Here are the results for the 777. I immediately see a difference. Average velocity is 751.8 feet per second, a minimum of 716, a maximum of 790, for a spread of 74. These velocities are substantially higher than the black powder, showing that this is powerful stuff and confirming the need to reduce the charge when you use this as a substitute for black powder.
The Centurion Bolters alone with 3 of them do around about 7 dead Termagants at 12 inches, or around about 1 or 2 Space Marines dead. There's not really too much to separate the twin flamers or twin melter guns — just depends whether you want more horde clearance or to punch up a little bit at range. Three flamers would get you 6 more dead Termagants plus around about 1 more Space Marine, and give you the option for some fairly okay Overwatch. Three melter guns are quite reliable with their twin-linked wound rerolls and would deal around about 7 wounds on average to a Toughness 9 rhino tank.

* * *

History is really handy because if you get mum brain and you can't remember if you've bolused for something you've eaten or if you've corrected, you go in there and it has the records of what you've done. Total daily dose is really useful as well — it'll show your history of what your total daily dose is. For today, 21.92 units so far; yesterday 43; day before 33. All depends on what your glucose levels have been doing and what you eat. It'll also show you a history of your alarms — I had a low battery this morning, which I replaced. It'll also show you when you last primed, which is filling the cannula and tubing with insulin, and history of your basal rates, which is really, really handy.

» TASK ITEM:
The range runs from the line above containing "Here are the" to the line containing "The Centurion Bolters", inclusive. Restate those lines word for word and no others.

» WRITTEN RESPONSE:
Here are the results for the 777. I immediately see a difference. Average velocity is 751.8 feet per second, a minimum of 716, a maximum of 790, for a spread of 74. These velocities are substantially higher than the black powder, showing that this is powerful stuff and confirming the need to reduce the charge when you use this as a substitute for black powder.
The Centurion Bolters alone with 3 of them do around about 7 dead Termagants at 12 inches, or around about 1 or 2 Space Marines dead. There's not really too much to separate the twin flamers or twin melter guns — just depends whether you want more horde clearance or to punch up a little bit at range. Three flamers would get you 6 more dead Termagants plus around about 1 more Space Marine, and give you the option for some fairly okay Overwatch. Three melter guns are quite reliable with their twin-linked wound rerolls and would deal around about 7 wounds on average to a Toughness 9 rhino tank.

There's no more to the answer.